This post is in response to Jeff at the Atheocracy, via Jennifer at Et tu?. The question concerns how those of us with an intellectual bent interact with Christianity on an intellectual answer.
I had the advantage of growing up an intellectual (T) kid in an intellectual church. The church I grew up in was a plant to a university community. It was riddled with academics in all fields. We had professors of entomology, engineering, foreign languages, and veterinary medicine. Doctoral candiates in philosophy, business . . . etc. . . . The pastor preached sermons I half understood, during which I occupied myself listing all the words he used that I didn't have a clue about so I could look them up later. And there was my father who seemed to have an answer or a source for any question I could dream up.
What I learned as a child at an intuitive level was that for any question that I tried to engage, I was likely to get more of answer than I could handle. I wasn't the first person to tackle . . . well, pretty much anything. And for all that I was pretty impressed with my own intelligence, there were a lot of people who I loved and respected who were smarter and more educated on all these things than I was. Orthodox Christians who were not trying to hide or ignore anything had found answers that they found to be sufficient. Frankly, I found it a relief to know that it wasn't up to me to come up with all the answers on my own--if ever any of these things bothered me too much, I could catch up on the arguments and join the fray, but in the meantime I didn't need to reinvent the wheel.

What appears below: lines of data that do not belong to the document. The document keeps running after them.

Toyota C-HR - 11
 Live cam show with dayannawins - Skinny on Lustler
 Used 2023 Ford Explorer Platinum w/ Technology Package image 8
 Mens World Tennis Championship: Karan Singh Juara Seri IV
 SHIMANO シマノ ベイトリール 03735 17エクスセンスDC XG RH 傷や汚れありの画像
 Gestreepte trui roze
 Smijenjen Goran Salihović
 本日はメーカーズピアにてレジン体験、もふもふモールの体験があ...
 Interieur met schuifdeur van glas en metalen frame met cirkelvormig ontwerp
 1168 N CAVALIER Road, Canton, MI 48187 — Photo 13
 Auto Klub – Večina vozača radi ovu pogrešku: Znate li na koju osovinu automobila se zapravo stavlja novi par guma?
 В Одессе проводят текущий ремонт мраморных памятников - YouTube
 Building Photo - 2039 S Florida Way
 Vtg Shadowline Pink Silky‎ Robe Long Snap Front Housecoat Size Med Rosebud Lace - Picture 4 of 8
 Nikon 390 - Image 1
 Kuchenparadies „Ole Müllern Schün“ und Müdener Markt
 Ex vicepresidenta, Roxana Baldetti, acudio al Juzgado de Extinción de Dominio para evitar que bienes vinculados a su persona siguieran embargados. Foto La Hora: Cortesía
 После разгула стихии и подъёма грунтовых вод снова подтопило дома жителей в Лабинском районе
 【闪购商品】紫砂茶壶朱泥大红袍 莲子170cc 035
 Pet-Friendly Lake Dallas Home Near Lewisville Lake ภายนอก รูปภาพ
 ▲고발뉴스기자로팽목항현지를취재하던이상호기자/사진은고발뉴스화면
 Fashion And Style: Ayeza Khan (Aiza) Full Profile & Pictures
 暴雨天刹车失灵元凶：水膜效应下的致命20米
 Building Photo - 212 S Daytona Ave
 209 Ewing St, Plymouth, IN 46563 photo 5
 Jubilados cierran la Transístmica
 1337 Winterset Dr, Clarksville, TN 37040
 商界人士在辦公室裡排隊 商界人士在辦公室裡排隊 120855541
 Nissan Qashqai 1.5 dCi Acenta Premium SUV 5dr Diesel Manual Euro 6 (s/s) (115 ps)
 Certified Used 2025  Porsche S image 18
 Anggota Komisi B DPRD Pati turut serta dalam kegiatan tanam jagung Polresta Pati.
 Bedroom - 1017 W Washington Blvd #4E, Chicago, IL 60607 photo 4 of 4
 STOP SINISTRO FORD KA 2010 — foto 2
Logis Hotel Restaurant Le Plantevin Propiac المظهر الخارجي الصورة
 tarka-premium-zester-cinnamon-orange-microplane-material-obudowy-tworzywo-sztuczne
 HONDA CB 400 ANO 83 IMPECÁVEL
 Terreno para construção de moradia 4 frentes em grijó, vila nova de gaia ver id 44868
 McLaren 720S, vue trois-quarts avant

As Jennifer noted, of course, knowing God isn't just a matter of thinking about him. It's a matter of loving and being loved. I had that from early on--from before I can remember. And part of the experience of knowing that I'm loved is being able to rest in the comfortable assurance that however deep I want to go . . . God is bigger. He's not afraid of my challenges or questions, and there are answers. Just knowing that the answers are out there is often enough for me.
As an adult, this has really continued to be my experience. I've yet to run across a new concern or question about "life, the universe, and everything."
What has been is what will be, and what has been done is what will be done, and there is nothing new under the sun. Is there a thing of which it is said,“See, this is new”? It has been already in the ages before us. (Ecc 1:9 & 10)
So intellectually, you might say that nothing has led me away from Christianity . . . I have found the answers that I have found and been given to be sufficient. And I don't presume that thousands of years of Christian and Hebrew theology and philosophy has done purely by idiots and naifs. After all, I'm not starting this convesation--I'm only continuing it.